Shares of Essendant (ESND) closed down 23.8% on Thursday after the company reported earnings a day earlier. The distributor of janitorial, breakroom, and other office supplies, formerly known as United Stationers, basically matched Wall Street's expectation for sales of $1.2 billion in the fiscal first quarter, but its GAAP loss -- $1.40 per share -- was far worse than the $0.07-per-share profit that Wall Street analysts had predicted.
Essendant's sales fell 2% year over year to $1.2 billion. The company's other decline was better news -- a $1.40 decrease in losses, versus the $5.15 per share that Essendant lost last year.
Even so, on an adjusted basis Essendant lost $0.07 per share, when Wall Street was expecting at least a pro forma profit, and it seems that didn't sit well with investors.
Nevertheless, Essendant management urged investors to sit tight and stay the course. Declines were "anticipated" in Q1, said CEO Ric Phillips. Later in the year, however, management is still anticipating "stronger earnings performance in the second half."

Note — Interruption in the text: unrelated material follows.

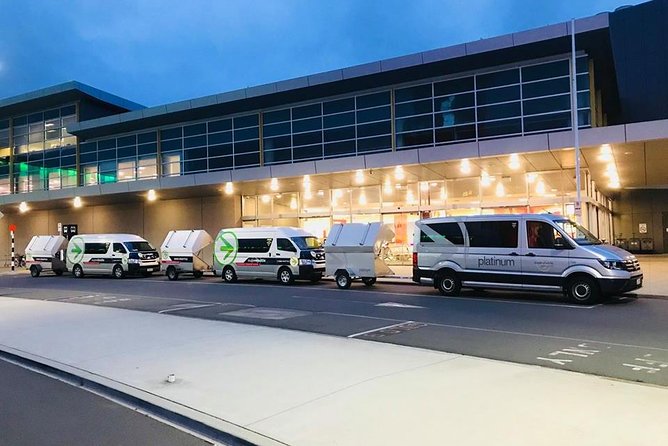 Arrival Transfer: Auckland Airport to Auckland Central City Centre - The shared minivan ride: what “up to 11 travelers” means for you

"Cost improvement efforts will take time to scale through 2018," reminded the CEO. Ultimately, management says it remains "confident we will deliver more than half of our expected cost savings in 2018, building to a run rate of more than $50 million by 2020." For its part, Wall Street still seems to be on board, predicting Essendant will end the year with sales down no more than 4%, profits stabilizing at $0.67 per share -- flat against next year.
Investors, however, are having none of it.